The leper

WARNING - primary breast cancer patients may not want to read this, and if you do, don't say I didn't warn you!!

Benefits

I'll begin with this one.... So yes, I certainly get a fair share of the NHS budget spent on me, and so it should be, but one thing I don't benefit from, is benefits.

I don't get child allowance (or whatever it's called now) for obvious reasons, I don't use the school system, I don't claim tax credits (as, again, without kids you're not entitled to anything), I don't claim unemployment benefit, I don't claim benefits full stop.

But I thought this should change. I have therefore commenced an application for personal independence allowance (or PIP), which used to be the disability living allowance, because I am now classified as disabled.
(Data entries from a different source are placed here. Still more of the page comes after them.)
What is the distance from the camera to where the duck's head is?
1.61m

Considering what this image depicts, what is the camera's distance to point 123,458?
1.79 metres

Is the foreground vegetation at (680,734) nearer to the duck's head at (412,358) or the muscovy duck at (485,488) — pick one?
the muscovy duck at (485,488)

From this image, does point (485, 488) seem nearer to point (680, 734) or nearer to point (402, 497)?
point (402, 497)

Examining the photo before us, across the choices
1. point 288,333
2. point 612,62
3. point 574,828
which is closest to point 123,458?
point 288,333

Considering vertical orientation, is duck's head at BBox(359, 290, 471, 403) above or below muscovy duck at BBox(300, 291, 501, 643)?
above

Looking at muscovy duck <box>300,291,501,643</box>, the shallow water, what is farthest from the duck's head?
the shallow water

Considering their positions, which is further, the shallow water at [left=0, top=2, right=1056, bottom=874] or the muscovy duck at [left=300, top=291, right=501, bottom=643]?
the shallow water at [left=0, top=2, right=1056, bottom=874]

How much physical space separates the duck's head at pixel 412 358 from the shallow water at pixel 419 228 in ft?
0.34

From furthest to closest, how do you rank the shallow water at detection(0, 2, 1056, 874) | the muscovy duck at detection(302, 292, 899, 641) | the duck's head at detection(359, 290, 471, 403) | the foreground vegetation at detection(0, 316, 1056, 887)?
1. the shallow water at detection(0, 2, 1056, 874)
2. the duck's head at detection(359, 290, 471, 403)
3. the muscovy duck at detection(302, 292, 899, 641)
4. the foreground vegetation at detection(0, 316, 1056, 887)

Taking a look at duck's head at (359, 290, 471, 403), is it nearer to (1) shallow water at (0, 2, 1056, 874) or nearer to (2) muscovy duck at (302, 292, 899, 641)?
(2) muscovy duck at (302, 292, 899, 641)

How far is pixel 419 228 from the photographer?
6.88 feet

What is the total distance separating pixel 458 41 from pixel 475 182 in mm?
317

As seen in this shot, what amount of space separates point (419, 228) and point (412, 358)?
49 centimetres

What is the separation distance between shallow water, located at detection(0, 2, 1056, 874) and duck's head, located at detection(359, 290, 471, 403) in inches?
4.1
I filled in a huge form which asked me about how I'm impacted on a day to day basis with my condition e.g. can I cook for myself (well no, cos I'm crap at it!!), can I dress myself, can I get from A to B cognitively etc etc.  It took ages and it made me realise when I was completing it, that things are different for me now and I do struggle with certain things more than I did before.
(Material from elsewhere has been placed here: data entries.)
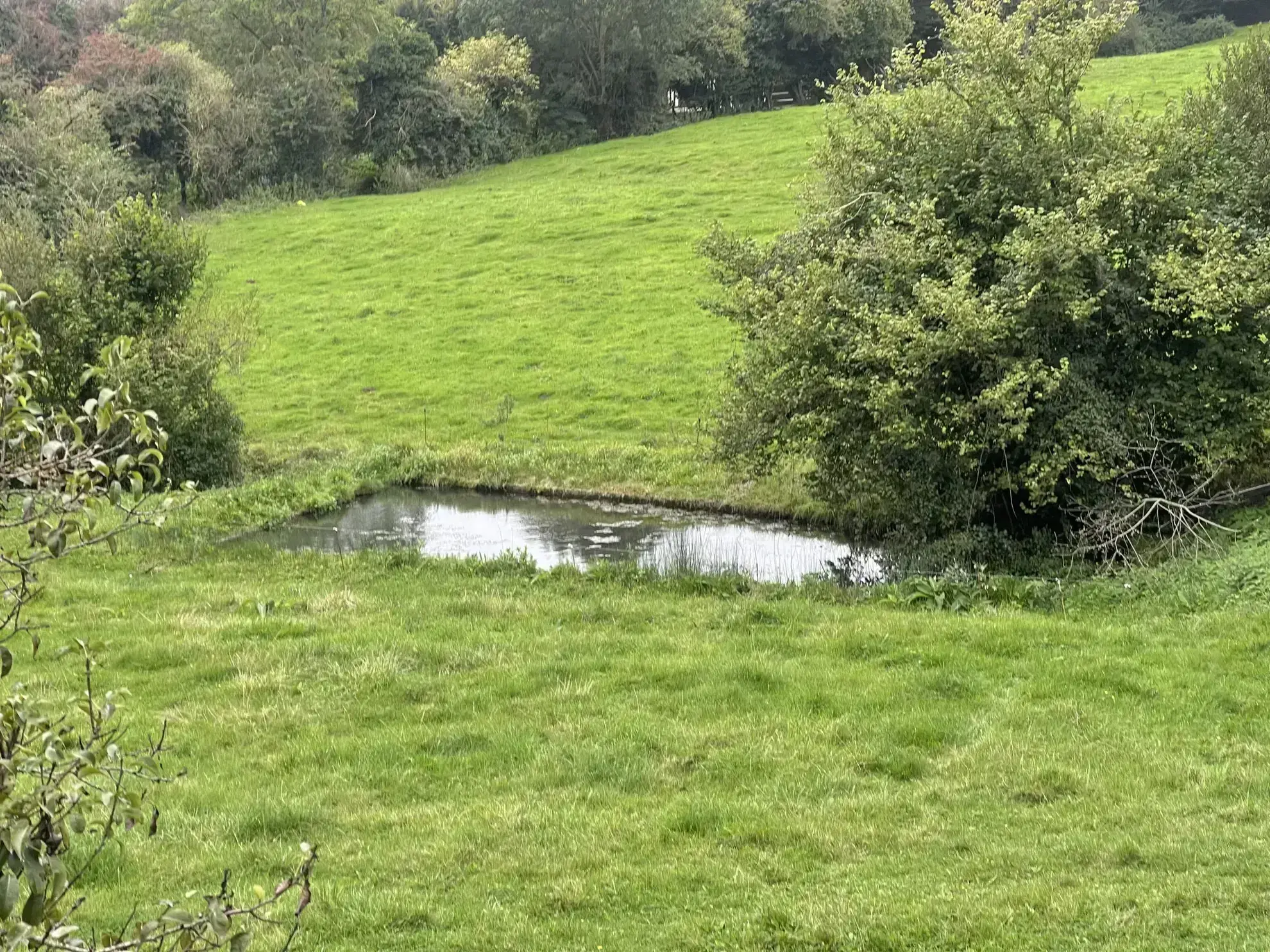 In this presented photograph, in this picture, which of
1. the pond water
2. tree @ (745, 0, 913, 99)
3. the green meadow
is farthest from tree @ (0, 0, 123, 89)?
the green meadow

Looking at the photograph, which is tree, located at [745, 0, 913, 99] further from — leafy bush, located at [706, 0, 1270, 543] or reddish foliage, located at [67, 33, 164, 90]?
leafy bush, located at [706, 0, 1270, 543]

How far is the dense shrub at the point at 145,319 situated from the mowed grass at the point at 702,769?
10171 millimetres

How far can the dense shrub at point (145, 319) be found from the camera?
2597cm

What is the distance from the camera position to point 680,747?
1111 centimetres

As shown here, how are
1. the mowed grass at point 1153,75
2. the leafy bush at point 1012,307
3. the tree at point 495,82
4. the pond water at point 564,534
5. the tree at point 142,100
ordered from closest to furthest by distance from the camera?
the leafy bush at point 1012,307 < the pond water at point 564,534 < the mowed grass at point 1153,75 < the tree at point 142,100 < the tree at point 495,82

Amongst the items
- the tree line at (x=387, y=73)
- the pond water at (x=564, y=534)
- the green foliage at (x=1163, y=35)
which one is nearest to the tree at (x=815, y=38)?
the tree line at (x=387, y=73)

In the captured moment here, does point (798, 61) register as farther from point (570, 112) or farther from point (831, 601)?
point (831, 601)

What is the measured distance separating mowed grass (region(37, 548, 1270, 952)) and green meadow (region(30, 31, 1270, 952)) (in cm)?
3

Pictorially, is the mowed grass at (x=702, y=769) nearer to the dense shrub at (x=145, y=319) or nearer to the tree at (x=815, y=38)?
the dense shrub at (x=145, y=319)

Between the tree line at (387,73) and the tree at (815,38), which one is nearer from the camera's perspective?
the tree line at (387,73)

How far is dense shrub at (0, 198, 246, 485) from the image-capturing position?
1022 inches

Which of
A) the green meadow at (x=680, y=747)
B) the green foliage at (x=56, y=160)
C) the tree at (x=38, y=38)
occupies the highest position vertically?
the tree at (x=38, y=38)

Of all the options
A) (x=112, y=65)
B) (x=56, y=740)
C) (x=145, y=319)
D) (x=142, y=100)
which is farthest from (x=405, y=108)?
(x=56, y=740)

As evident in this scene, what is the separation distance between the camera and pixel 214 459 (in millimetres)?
27594
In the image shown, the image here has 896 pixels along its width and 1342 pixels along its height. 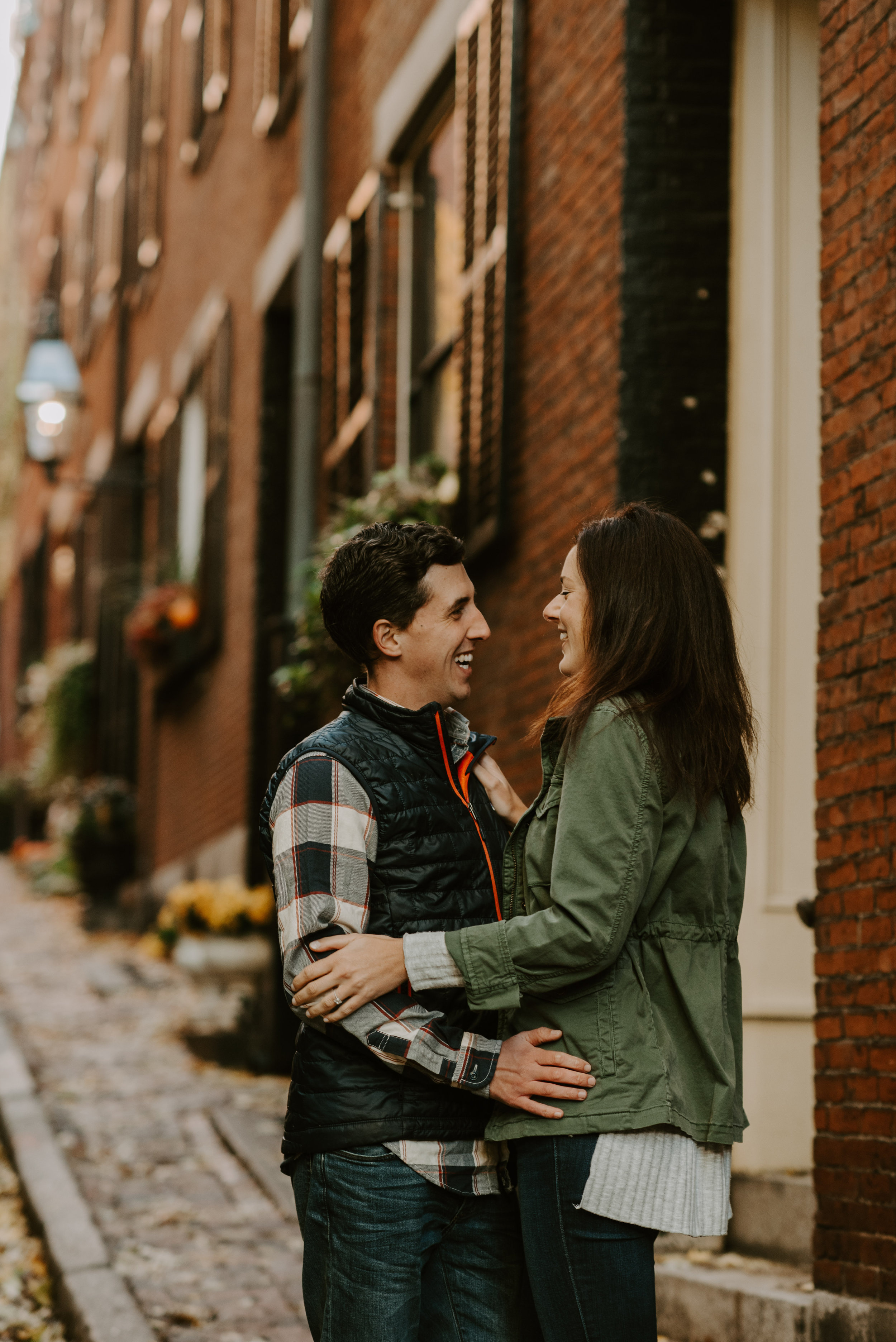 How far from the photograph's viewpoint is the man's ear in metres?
2.79

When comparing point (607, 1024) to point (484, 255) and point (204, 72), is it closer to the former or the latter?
point (484, 255)

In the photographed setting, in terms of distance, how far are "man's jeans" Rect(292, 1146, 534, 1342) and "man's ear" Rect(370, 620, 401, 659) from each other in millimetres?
801

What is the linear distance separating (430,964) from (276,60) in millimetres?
9794

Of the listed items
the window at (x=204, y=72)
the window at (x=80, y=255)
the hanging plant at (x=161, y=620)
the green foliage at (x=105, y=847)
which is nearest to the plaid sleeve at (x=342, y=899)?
the hanging plant at (x=161, y=620)

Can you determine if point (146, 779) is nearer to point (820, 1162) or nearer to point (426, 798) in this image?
point (820, 1162)

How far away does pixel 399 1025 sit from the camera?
2.53 meters

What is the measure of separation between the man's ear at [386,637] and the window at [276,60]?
844cm

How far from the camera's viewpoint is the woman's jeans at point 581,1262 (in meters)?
2.44

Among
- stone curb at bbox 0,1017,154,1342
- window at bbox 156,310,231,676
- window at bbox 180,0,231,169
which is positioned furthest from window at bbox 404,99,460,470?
window at bbox 180,0,231,169

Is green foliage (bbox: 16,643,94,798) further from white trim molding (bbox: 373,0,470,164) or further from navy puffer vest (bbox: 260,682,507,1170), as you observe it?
navy puffer vest (bbox: 260,682,507,1170)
Then, this week, I had to have a face to face assessment where someone working on behalf of the Department for Work and Pensions visits your house to basically go through pretty much the same questions.  She was with me for an hour and half, she was really nice, but did the classic - 'oh, my Uncle X had advanced lung cancer and he lived for years' - like  you can really compare me to that situation?!  Anyway, we carried on talking and when she asked me how Tim was coping, I broke down in tears.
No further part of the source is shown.